Open bmesuere opened 9 months ago
Some old code I wrote to generate answers based on questions as a stand-alone script:
import OpenAI from "openai";
import { JSDOM } from 'jsdom';
const dodonaHeaders = new Headers({
"Authorization": ""
});
const openai = new OpenAI({
apiKey: ""
});
const systemPrompt = "Your goal is to help a teaching assistant answer student questions for a university-level programming course. You will be provided with the problem description, the code of the student, and the question of the student. Your answer should consist of 2 parts. First, very briefly summarize what the student did wrong to the teaching assistant. Second, provide a short response to the question aimed at the student in the same language as the student's question.";
const questionId = 148513;
async function fetchData(questionId) {
// fetch question data from https://dodona.be/nl/annotations/<ID>.json
let r = await fetch(`https://dodona.be/nl/annotations/${questionId}.json`, {headers: dodonaHeaders});
const questionData = await r.json();
const lineNr = questionData.line_nr;
const question = questionData.annotation_text;
const submissionUrl = questionData.submission_url;
// fetch submission data
r = await fetch(submissionUrl, { headers: dodonaHeaders });
const submissionData = await r.json();
const code = submissionData.code;
const exerciseUrl = submissionData.exercise;
// fetch exercise data
r = await fetch(exerciseUrl, { headers: dodonaHeaders });
const exerciseData = await r.json();
const descriptionUrl = exerciseData.description_url;
// fetch description
r = await fetch(descriptionUrl, { headers: dodonaHeaders });
const descriptionHtml = await r.text();
const description = htmlToText(descriptionHtml);
return {description, code, question, lineNr};
}
async function generateAnswer({description, code, question, lineNr}) {
const response = await openai.chat.completions.create({
model: "gpt-4",
messages: [
{"role": "system", "content": systemPrompt},
{"role": "user", "content": `Description: ${description}\nCode: ${code}\nQuestion on line ${lineNr}: ${question}`}
]
});
console.log(response);
console.log(response.choices[0].message);
//return gptResponse.data.choices[0].text;
}
function htmlToText(html) {
const dom = new JSDOM(html);
const text = dom.window.document.body.textContent
.split("\n")
.map(l => l.trim())
.filter(line => !line.includes("I18n"))
.filter(line => !line.includes("dodona.ready"))
.join("\n");
return removeTextAfterSubstring(text, "Links").trim();
}
function removeTextAfterSubstring(str, substring) {
const index = str.indexOf(substring);
if (index === -1) {
return str; // substring not found
}
return str.substring(0, index);
}
const data = await fetchData(questionId);
console.log(data);
await generateAnswer(data)
I tested the runtime performance of a few models on my mac studio (64GB memory):
Model | Quantization | Memory usage | Inference |
---|---|---|---|
codellama-34b-instruct | Q5_K_M | 22.13 GB | 9.87 tok/s |
codellama-34b-instruct | Q6_K | 25.63 GB | 9.58 tok/s |
codellama-34b-instruct | Q8_0 | 33.06 GB | 9.32 tok/s |
codellama-70b-instruct | Q4_K_M | 38.37 GB | 7.00 tok/s |
codellama-70b-instruct | Q6_0 | 49.39 GB | crashed |
mixtral-8x7b-instruct | Q5_K_M | 29.64 GB | 21.5 tok/s |
I could not validate the output of codellama-70b since it seems to use a different prompt format.

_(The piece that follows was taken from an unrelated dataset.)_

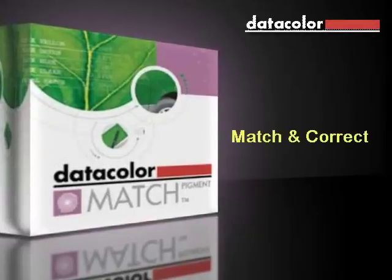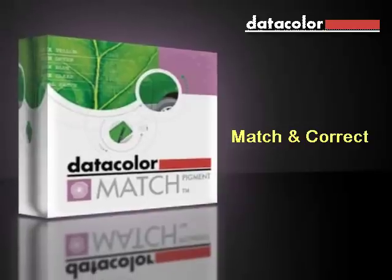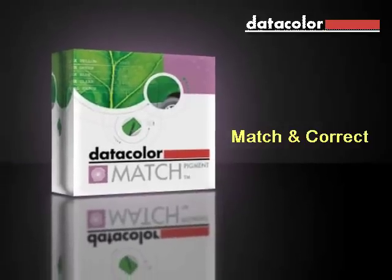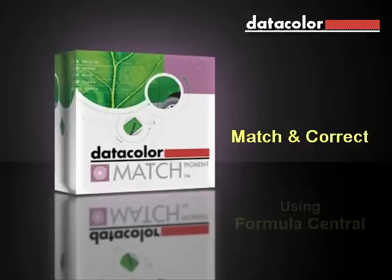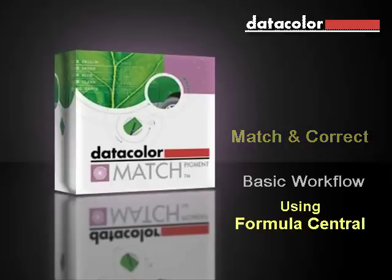Hello and welcome to this series of video tutorials on using Datacolor Match Pigment for matching and correcting color. In this video, I'll give you a quick tour of the color matching module, Formula Central. Then, I'll show you a reliable workflow that can be expanded easily and help you get the best results quickly.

I played around with the various models this afternoon. Some early observations:
With the increasing capabilities of LLMs, it is only a matter of time before they become powerful/cheap enough to use them inside Dodona. A first step might be to generate draft answers for questions from students. Here's how it might function:
This approach minimizes risk since each AI-generated answer undergoes human review and editing. Moreover, it's not time-sensitive. If the AI draft is inadequate or fails, the situation remains as it is currently. However, the potential time savings could be substantial.
Since this would be our first LLM integration, this will involve some research aspects.